## PROBLEM STATEMENT
Write out the records in full and without alteration, setting aside their pictures.

## RECORDED INFORMATION
↓↓↓
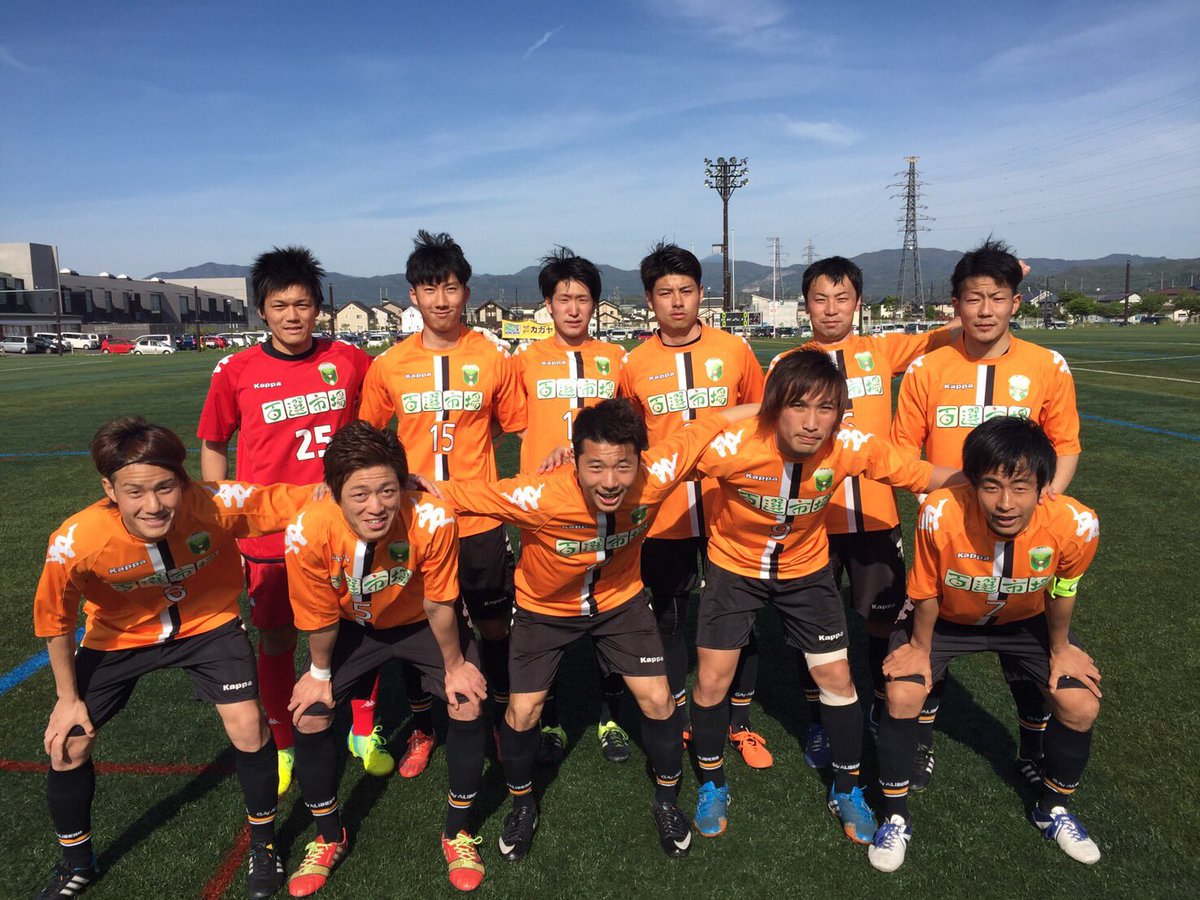 ট ইট র ｆｃガンジュ岩手 東北社会人サッカーリーグ1部 第6節 5 15 日 15 30ko 岩手県フットボールセンター Fcガンジュ岩手 1 2 Fcプリメーロ 得点者 高宮大輔 Ganju Tohokusl コミュサカ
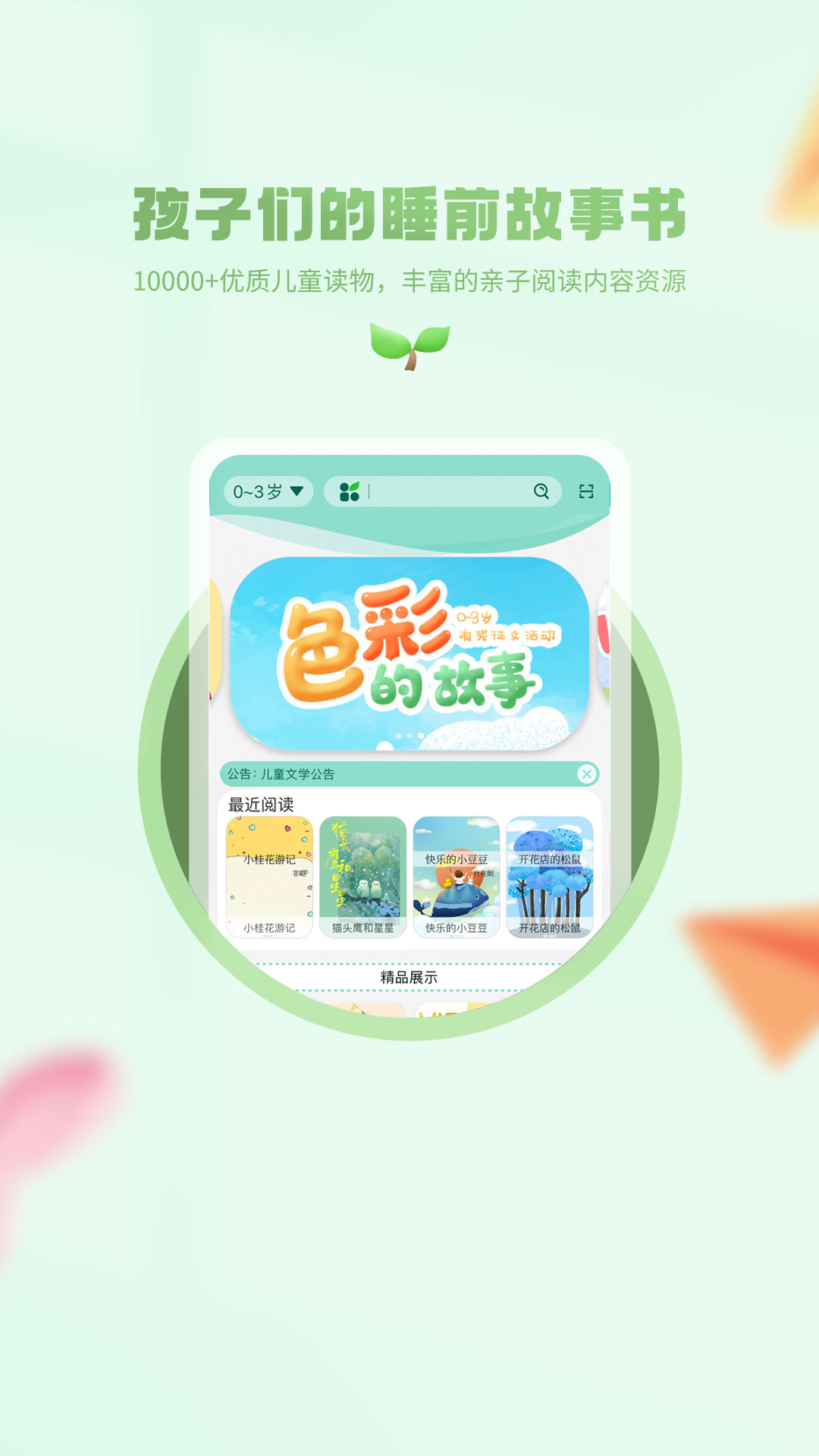 小书喵悦读截图0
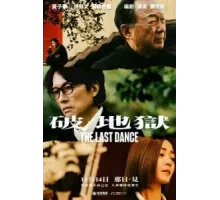 Последний танец (2024)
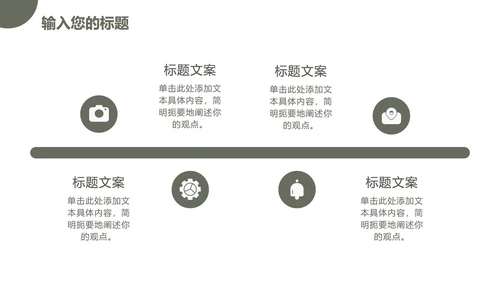 墨绿色小清新工作总结PPT模板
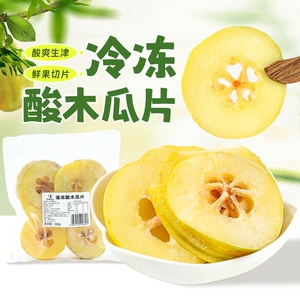 冷冻酸木瓜片滇木瓜木姜子原料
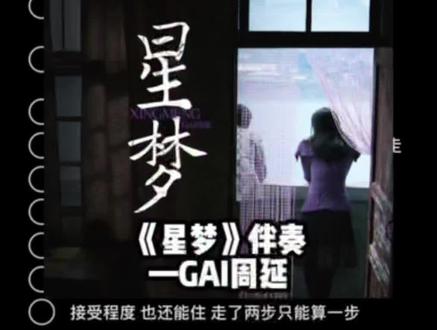《星梦》伴奏 GAI新专辑 #GAI专辑先行曲星梦 #gai #gai新专辑 #星梦 #gai周延 @DOU+小助手 @DOU+上热门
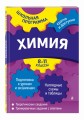 Химия: 8-11 классы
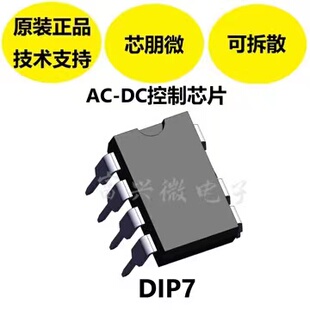 PN8034NSC-T1封装DIP-7 非隔离辅助电源 现货配单 回收库存呆料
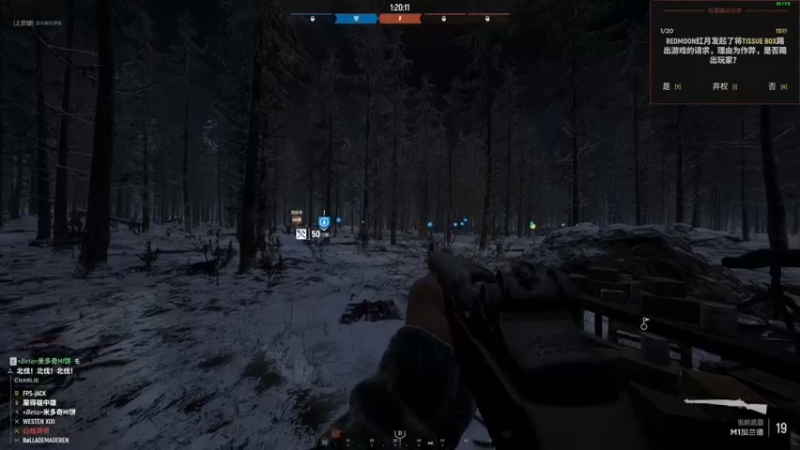 【2023-04-08 23点场】主播杰克曼：游戏名：人间地狱 48748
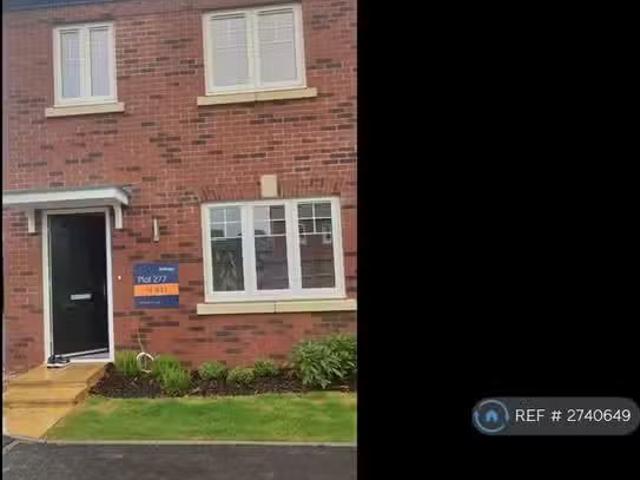 House for rent in Houlton, New Bilton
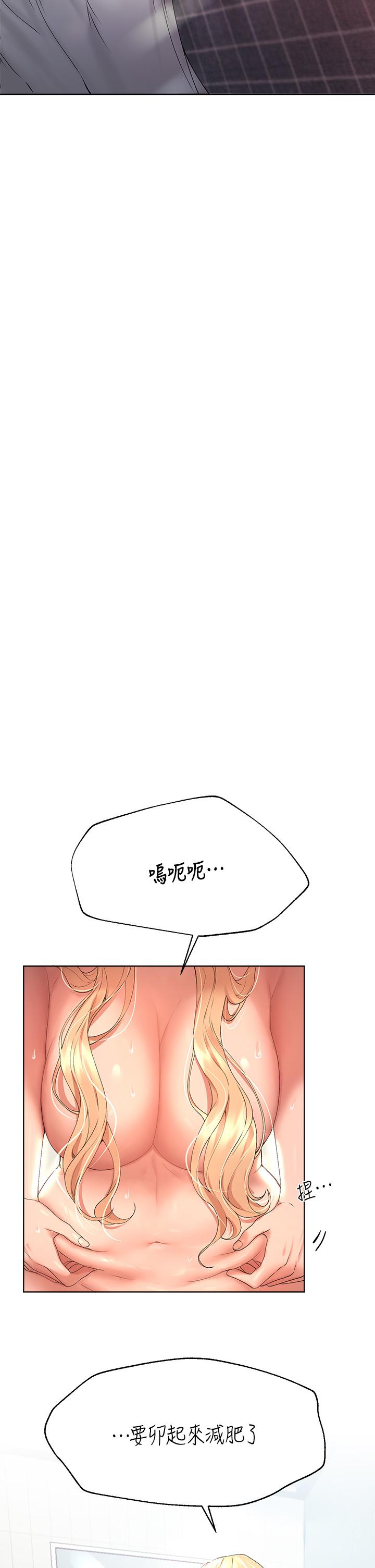 《姊姊們的調教》漫画 第57話-各懷心機的四人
↑↑↑
## WRITTEN REPLY
 ট ইট র ｆｃガンジュ岩手 東北社会人サッカーリーグ1部 第6節 5 15 日 15 30ko 岩手県フットボールセンター Fcガンジュ岩手 1 2 Fcプリメーロ 得点者 高宮大輔 Ganju Tohokusl コミュサカ
 小书喵悦读截图0
 Последний танец (2024)
 墨绿色小清新工作总结PPT模板
 冷冻酸木瓜片滇木瓜木姜子原料
《星梦》伴奏 GAI新专辑 #GAI专辑先行曲星梦 #gai #gai新专辑 #星梦 #gai周延 @DOU+小助手 @DOU+上热门
 Химия: 8-11 классы
 PN8034NSC-T1封装DIP-7 非隔离辅助电源 现货配单 回收库存呆料
 【2023-04-08 23点场】主播杰克曼：游戏名：人间地狱 48748
 House for rent in Houlton, New Bilton
 《姊姊們的調教》漫画 第57話-各懷心機的四人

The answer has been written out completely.